# We made it to Frank Lake AB. pic heavy.



## zombiesniper (Jul 22, 2018)

It was a great place for bird photography. If you ever get near Calgary, head south to High river and visit Frank Lake.




White Faced Ibis by Trevor Baldwin, on Flickr




Grebe family by Trevor Baldwin, on Flickr




Western Grebe by Trevor Baldwin, on Flickr




The flock by Trevor Baldwin, on Flickr




Black tern by Trevor Baldwin, on Flickr




Phalarope by Trevor Baldwin, on Flickr




Stilted by Trevor Baldwin, on Flickr




Happy Ruddy by Trevor Baldwin, on Flickr


----------



## tirediron (Jul 22, 2018)

I'm waiting for the book...  "The Zombie Family Takes A Vacation", or... "Across Canada In 100 Birds!"


----------



## razashaikh (Jul 23, 2018)

Beautiful set!


----------



## Fujidave (Jul 23, 2018)

Cracking set of images Trevor, all very nicely taken.


----------



## WesternGuy (Jul 23, 2018)

Glad you found Frank Lake - how did you find out about it - just curious.  It is one of my favourite spots for bird photography and a favourite of other bird photographers and bird watchers.
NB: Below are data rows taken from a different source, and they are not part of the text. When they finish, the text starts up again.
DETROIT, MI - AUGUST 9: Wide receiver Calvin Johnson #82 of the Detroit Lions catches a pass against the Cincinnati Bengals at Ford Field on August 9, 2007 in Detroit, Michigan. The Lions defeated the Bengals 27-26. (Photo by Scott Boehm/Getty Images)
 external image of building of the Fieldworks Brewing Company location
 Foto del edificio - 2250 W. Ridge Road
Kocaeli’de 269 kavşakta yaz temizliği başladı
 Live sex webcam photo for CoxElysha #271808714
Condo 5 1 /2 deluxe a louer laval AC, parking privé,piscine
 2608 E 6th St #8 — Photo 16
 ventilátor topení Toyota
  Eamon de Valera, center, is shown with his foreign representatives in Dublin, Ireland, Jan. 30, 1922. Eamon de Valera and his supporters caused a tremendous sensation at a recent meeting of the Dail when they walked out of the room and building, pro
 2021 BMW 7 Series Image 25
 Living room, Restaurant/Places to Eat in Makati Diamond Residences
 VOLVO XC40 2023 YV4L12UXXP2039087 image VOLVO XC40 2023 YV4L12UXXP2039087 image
You have a great set here.  Hard to pick a favourite.

WesternGuy


----------



## Jeff15 (Jul 23, 2018)

Nice set, well done.....


----------



## Dean_Gretsch (Jul 23, 2018)

All are really nice, but for some reason " The Flock " appeals most to me. Those red eyes of the Grebe holds your attention too.


----------



## zombiesniper (Jul 23, 2018)

tirediron said:


> I'm waiting for the book...  "The Zombie Family Takes A Vacation", or... "Across Canada In 100 Birds!"


Not a bad idea but I like the title "When the Zombies come to town" 



razashaikh said:


> Beautiful set!


Thank you.



Fujidave said:


> Cracking set of images Trevor, all very nicely taken.


Thank you.



WesternGuy said:


> Glad you found Frank Lake - how did you find out about it - just curious.  It is one of my favourite spots for bird photography and a favourite of other bird photographers and bird watchers.
> 
> You have a great set here.  Hard to pick a favourite.
> 
> WesternGuy


Thank you.
A friend of Jr's told us to check it out. It really is an awesome spot. You really have to try hard to take a bad bird photo there.



Jeff15 said:


> Nice set, well done.....


Thank you.



Dean_Gretsch said:


> All are really nice, but for some reason " The Flock " appeals most to me. Those red eyes of the Grebe holds your attention too.


Thank you.


----------



## zombiesniper (Jul 23, 2018)

Here's another shot the flock as they were airborne.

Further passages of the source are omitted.